§ **EXERCISE INSTRUCTIONS**
What is needed is an exact copy of the listing, with no pictures in it.

*** DATASET EXTRACT ***

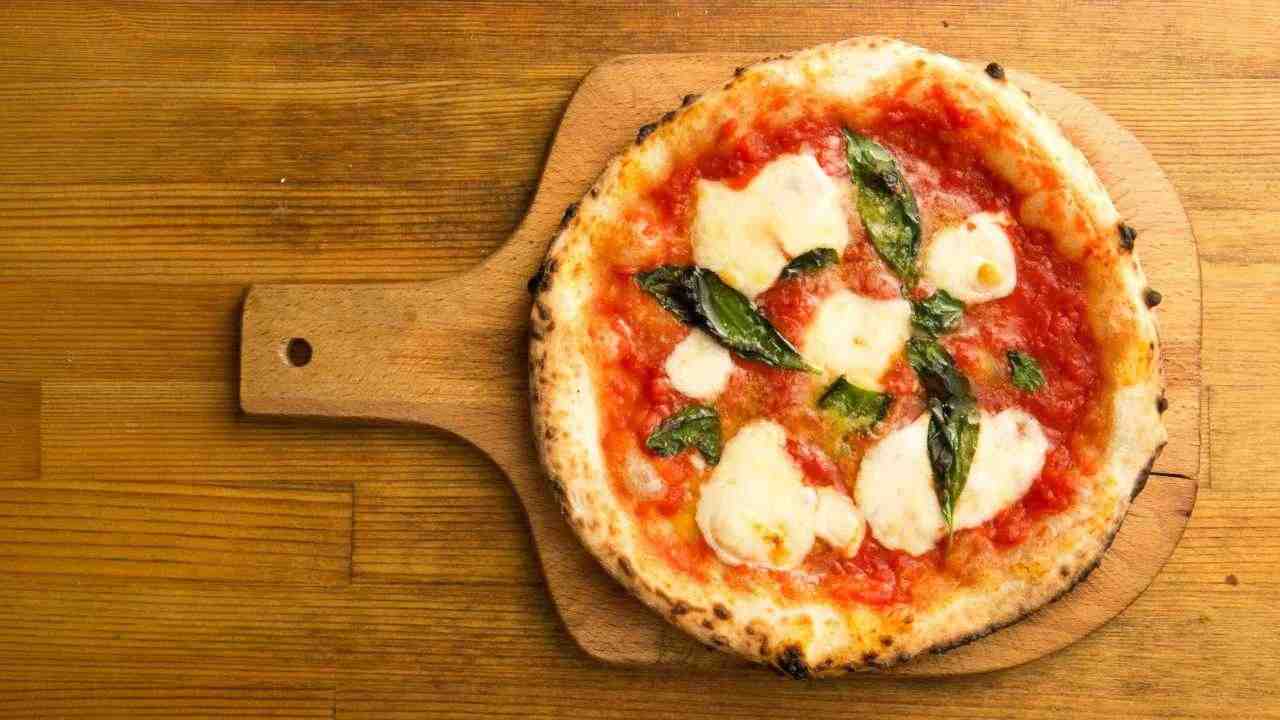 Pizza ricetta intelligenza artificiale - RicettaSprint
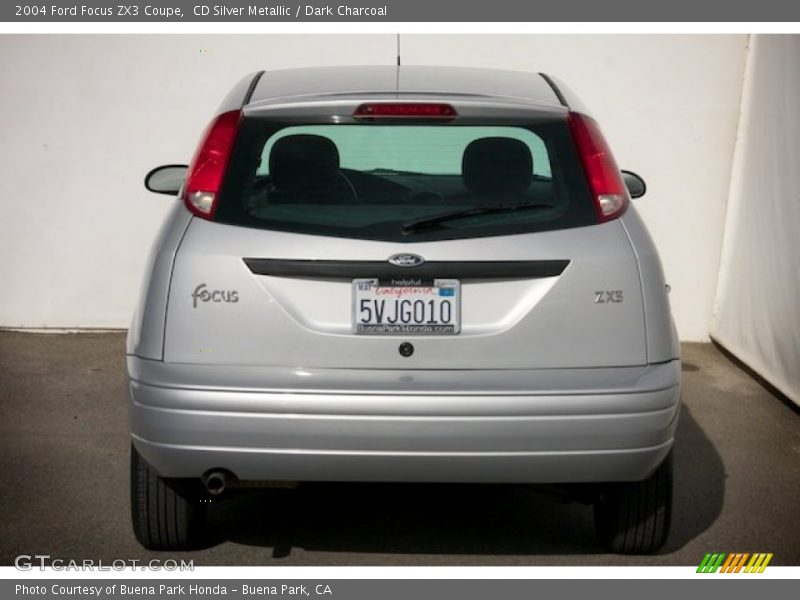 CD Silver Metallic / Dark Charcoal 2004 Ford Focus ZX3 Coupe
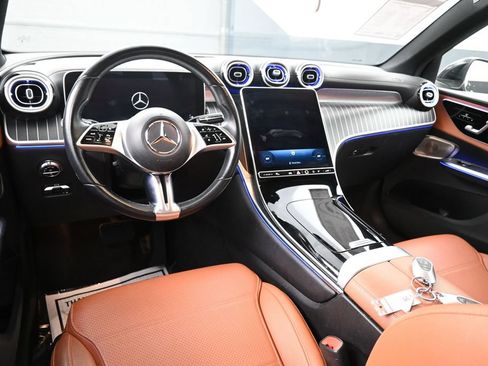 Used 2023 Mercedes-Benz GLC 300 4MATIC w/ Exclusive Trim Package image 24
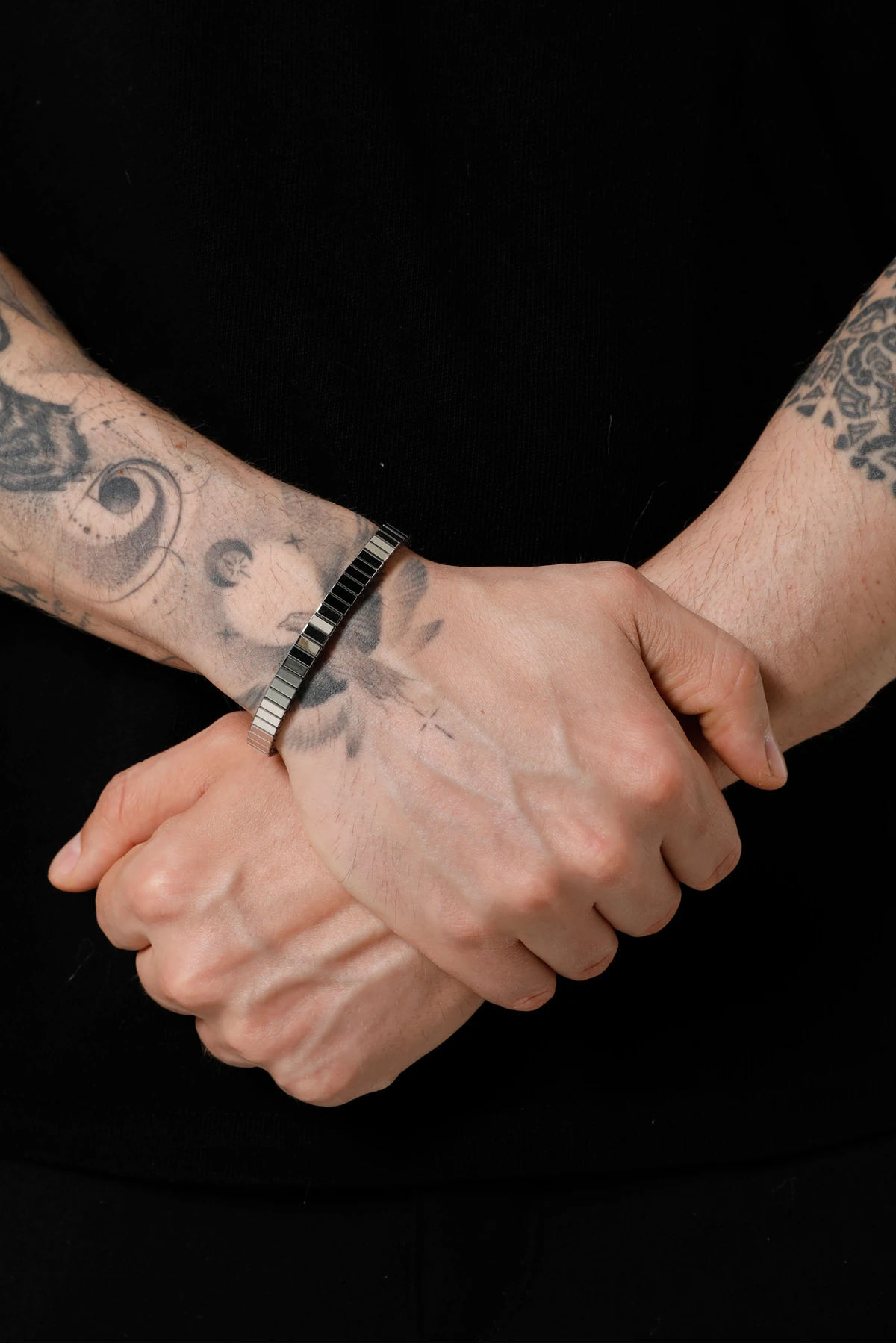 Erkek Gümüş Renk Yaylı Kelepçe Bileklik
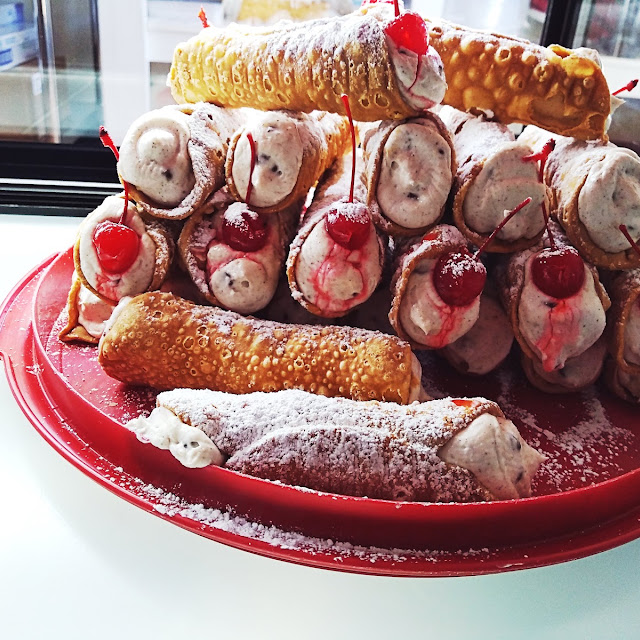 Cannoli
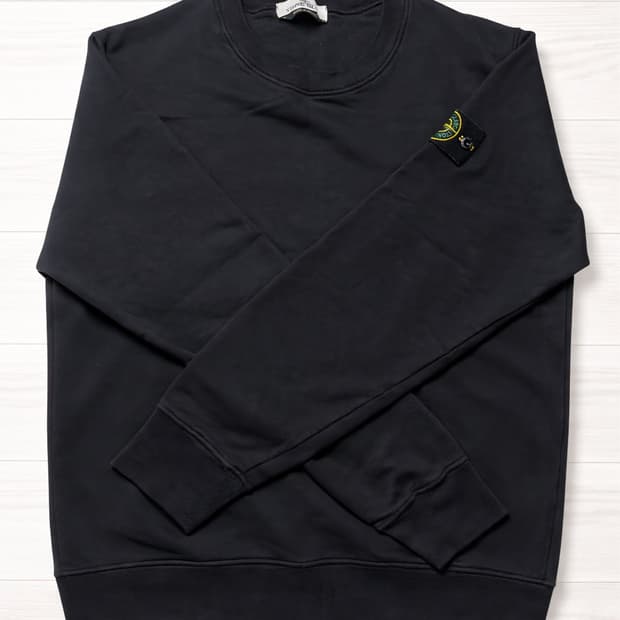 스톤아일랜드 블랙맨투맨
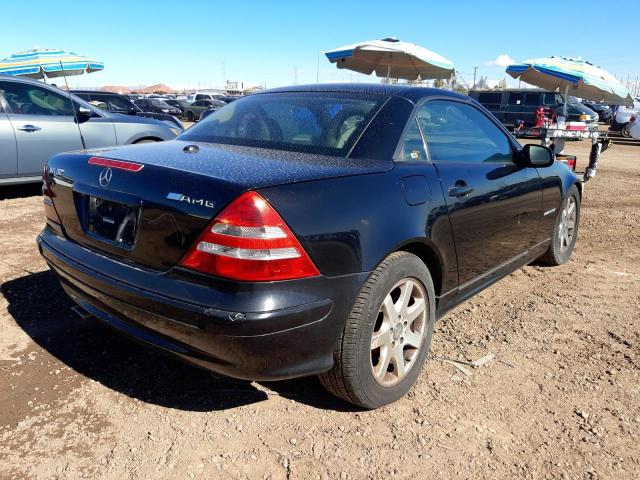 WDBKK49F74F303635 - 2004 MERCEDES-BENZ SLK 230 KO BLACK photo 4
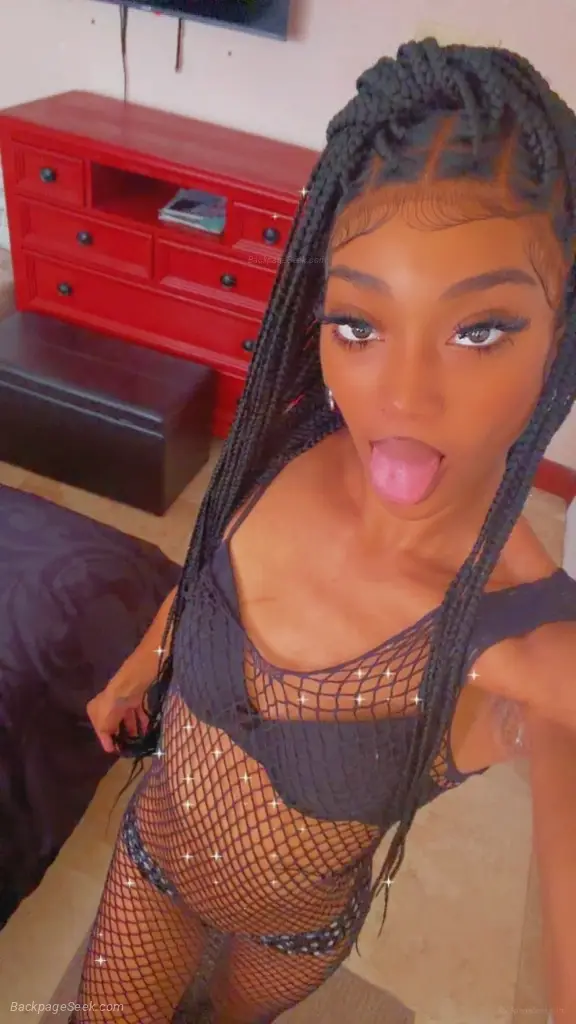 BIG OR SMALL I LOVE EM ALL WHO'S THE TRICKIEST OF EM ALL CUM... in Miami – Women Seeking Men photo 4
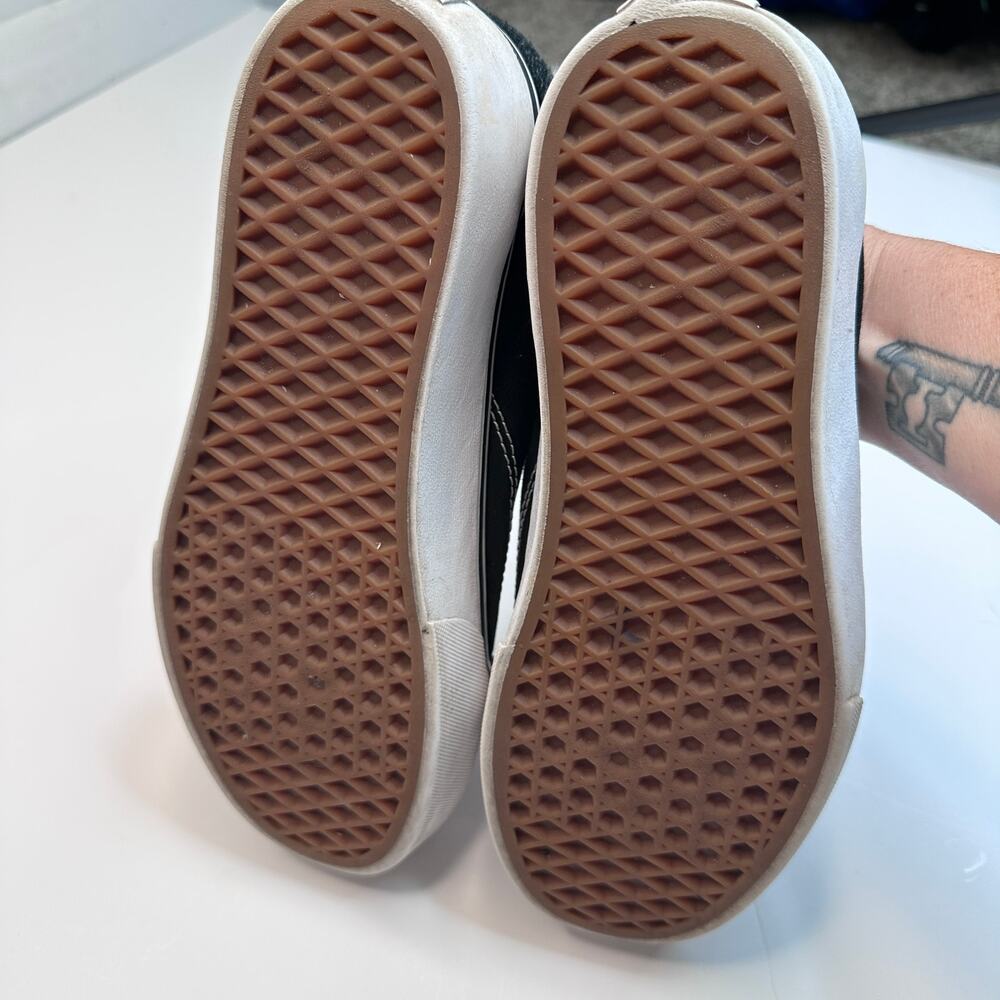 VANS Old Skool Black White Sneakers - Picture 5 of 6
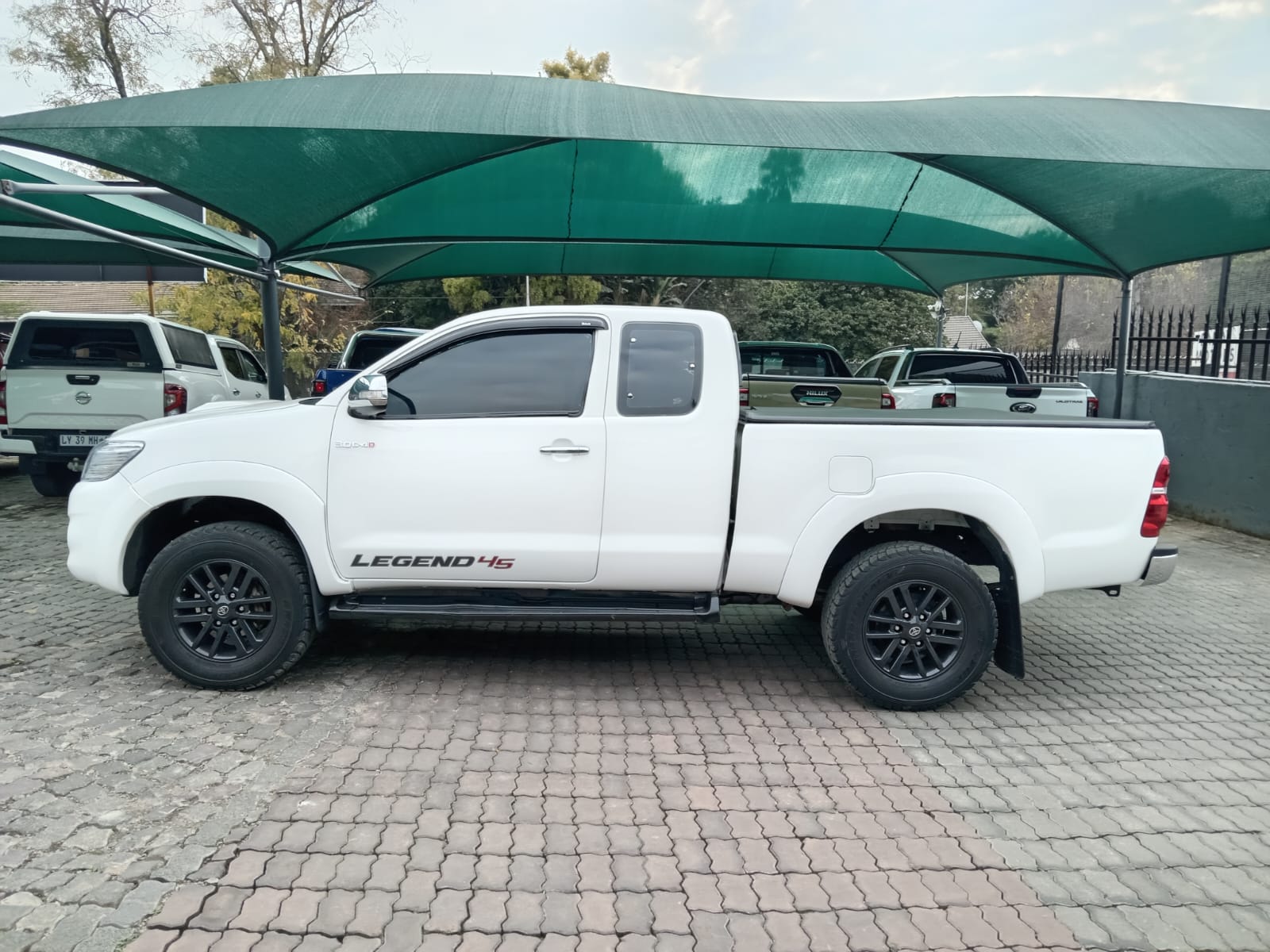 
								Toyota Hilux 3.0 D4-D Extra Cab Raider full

***

§ **RESULT OF THIS EXERCISE**
 Pizza ricetta intelligenza artificiale - RicettaSprint
 CD Silver Metallic / Dark Charcoal 2004 Ford Focus ZX3 Coupe
 Used 2023 Mercedes-Benz GLC 300 4MATIC w/ Exclusive Trim Package image 24
 Erkek Gümüş Renk Yaylı Kelepçe Bileklik
 Cannoli
 스톤아일랜드 블랙맨투맨
 WDBKK49F74F303635 - 2004 MERCEDES-BENZ SLK 230 KO BLACK photo 4
 BIG OR SMALL I LOVE EM ALL WHO'S THE TRICKIEST OF EM ALL CUM... in Miami – Women Seeking Men photo 4
 VANS Old Skool Black White Sneakers - Picture 5 of 6
								Toyota Hilux 3.0 D4-D Extra Cab Raider full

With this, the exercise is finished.